J'avais peut-être 12 ans quand on nous a demandé, à l'école, de célébrer le jour anniversaire de l'indépendance d'Israël. Le jour où nous les Palestiniens, sommes devenus des réfugiés. J'ai écrit un poème où je disais toute ma mélancolie d'avoir à fêter un tel évènement. Le gouverneur militaire israélien m'a convoqué. Il m'a menacé. Il m'a interdit d'écrire de nouveaux vers. Il m'a donné ce jour-là ma première leçon sur l'importance et le pouvoir de la poésie.

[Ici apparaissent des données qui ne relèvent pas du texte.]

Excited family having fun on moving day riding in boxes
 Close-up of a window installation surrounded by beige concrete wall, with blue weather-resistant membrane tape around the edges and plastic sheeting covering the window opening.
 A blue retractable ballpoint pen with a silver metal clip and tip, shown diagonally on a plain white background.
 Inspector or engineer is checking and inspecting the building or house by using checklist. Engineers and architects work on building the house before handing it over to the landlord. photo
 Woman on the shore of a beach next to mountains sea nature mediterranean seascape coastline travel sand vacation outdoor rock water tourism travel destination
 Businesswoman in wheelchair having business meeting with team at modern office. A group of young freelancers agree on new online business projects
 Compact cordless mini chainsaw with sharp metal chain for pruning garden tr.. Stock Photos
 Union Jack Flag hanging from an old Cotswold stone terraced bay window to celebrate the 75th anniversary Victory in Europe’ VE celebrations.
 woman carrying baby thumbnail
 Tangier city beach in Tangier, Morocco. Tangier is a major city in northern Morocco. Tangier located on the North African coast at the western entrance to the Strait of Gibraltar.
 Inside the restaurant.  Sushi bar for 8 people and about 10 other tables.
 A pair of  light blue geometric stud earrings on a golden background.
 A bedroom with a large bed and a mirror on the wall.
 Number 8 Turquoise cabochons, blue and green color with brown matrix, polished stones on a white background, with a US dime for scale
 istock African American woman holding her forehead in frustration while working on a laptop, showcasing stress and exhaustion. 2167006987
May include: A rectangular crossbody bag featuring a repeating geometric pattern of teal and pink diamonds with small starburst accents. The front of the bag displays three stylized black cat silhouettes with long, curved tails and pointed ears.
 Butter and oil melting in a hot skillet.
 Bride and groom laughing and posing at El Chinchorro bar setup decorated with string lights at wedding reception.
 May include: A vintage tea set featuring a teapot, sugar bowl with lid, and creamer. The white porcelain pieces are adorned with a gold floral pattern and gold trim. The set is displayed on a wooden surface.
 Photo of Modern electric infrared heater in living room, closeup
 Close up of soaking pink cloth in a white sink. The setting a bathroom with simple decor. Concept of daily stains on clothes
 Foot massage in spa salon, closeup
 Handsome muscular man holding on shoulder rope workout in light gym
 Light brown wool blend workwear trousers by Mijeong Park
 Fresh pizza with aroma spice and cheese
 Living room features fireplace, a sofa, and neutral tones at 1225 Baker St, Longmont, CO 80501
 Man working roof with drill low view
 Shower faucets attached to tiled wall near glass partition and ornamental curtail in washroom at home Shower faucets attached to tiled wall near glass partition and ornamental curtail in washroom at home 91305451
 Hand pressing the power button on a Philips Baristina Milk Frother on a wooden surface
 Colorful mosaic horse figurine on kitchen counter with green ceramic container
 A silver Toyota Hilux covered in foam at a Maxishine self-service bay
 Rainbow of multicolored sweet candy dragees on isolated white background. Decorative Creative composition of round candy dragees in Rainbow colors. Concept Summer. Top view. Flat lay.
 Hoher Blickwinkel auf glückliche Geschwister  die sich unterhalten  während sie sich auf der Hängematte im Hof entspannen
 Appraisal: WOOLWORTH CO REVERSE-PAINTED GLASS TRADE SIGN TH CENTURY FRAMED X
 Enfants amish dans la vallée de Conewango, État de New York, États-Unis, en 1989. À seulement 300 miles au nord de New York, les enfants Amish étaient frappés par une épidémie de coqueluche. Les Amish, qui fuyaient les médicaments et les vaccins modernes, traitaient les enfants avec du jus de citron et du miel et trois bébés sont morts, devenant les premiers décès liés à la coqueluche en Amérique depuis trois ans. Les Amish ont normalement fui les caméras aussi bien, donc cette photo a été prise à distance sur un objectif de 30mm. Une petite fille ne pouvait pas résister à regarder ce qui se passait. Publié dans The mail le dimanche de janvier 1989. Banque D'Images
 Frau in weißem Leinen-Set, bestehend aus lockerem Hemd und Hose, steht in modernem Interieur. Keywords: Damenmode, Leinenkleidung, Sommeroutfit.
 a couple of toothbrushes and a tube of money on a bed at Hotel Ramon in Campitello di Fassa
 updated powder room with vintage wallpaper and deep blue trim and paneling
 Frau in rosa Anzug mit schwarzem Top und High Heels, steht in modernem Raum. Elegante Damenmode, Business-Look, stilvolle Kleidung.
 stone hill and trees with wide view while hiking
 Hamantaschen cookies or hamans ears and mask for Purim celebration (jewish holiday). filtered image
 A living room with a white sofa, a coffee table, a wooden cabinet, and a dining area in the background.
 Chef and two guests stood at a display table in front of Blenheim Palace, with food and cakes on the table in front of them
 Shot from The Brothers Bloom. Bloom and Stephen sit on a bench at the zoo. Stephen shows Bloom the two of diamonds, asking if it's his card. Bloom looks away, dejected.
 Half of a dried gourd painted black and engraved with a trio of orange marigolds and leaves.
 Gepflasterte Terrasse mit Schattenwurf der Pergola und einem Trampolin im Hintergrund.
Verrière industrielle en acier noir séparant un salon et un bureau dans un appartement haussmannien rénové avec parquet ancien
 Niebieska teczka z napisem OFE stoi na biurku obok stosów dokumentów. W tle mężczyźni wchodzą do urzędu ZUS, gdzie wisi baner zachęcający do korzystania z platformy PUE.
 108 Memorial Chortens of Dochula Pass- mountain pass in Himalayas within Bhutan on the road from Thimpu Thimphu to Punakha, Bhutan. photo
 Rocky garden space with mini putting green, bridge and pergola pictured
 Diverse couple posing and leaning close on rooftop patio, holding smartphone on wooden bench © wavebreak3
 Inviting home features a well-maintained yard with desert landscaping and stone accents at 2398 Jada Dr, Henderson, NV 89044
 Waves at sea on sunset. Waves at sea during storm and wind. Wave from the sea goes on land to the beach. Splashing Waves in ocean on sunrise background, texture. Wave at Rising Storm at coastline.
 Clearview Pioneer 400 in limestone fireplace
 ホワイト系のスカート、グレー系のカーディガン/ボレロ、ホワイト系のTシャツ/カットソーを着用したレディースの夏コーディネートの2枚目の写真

Depuis, ma conception de la poésie a beaucoup évolué. Ma vie durant, j'ai dû affronter la question de l'engagement en littérature. Je sais désormais, que la poésie n'est pas une arme. C'est une essence. C'est la résidence de l'homme sur terre. Elle évoque ce qui est commun à tous les hommes: la justice, le refus de la répression. Je sais qu'elle n'utilise pas les moyens de la guerre, et qu'elle est pourtant résistance. Célébrer la vie, c'est résister à l'oppression. En ce sens très large, l'engagement ne s'oppose pas à la poésie. En revanche, elle cesse d'être elle-même si elle se change en prédication ou en mots d'ordre.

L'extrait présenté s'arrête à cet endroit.